## Problem description
Word for word, copy the line that contains "300 TL’ye negatif" and each line after it in the data below. Pictures stay out of the copy.

BEGIN Provided material

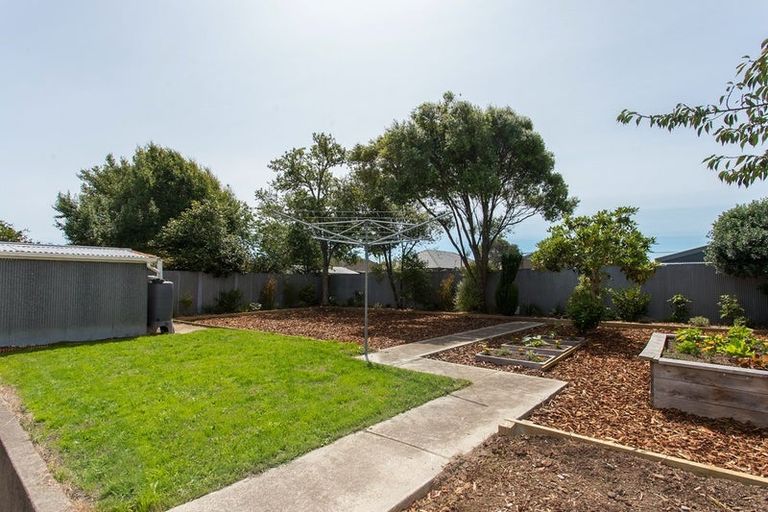Photo of property in 10 Greenhaven Drive, Burwood, Christchurch, 8083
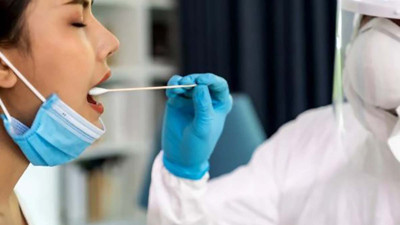 300 TL’ye negatif garantisi. Bu da negatif test borsası. Bir 'BAKAN' yok mu?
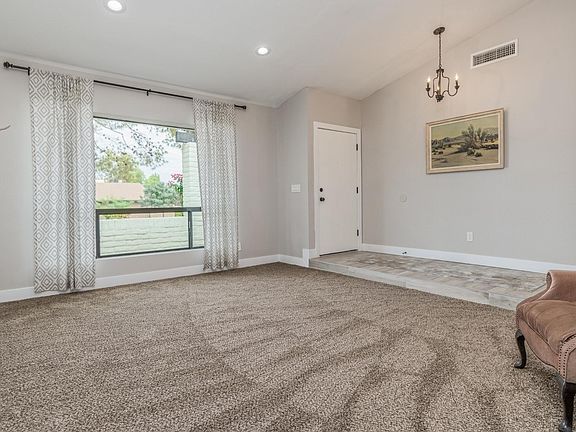 5th image of 2215 E Sahuaro Dr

END Provided material

## Response to this exercise
 300 TL’ye negatif garantisi. Bu da negatif test borsası. Bir 'BAKAN' yok mu?
 5th image of 2215 E Sahuaro Dr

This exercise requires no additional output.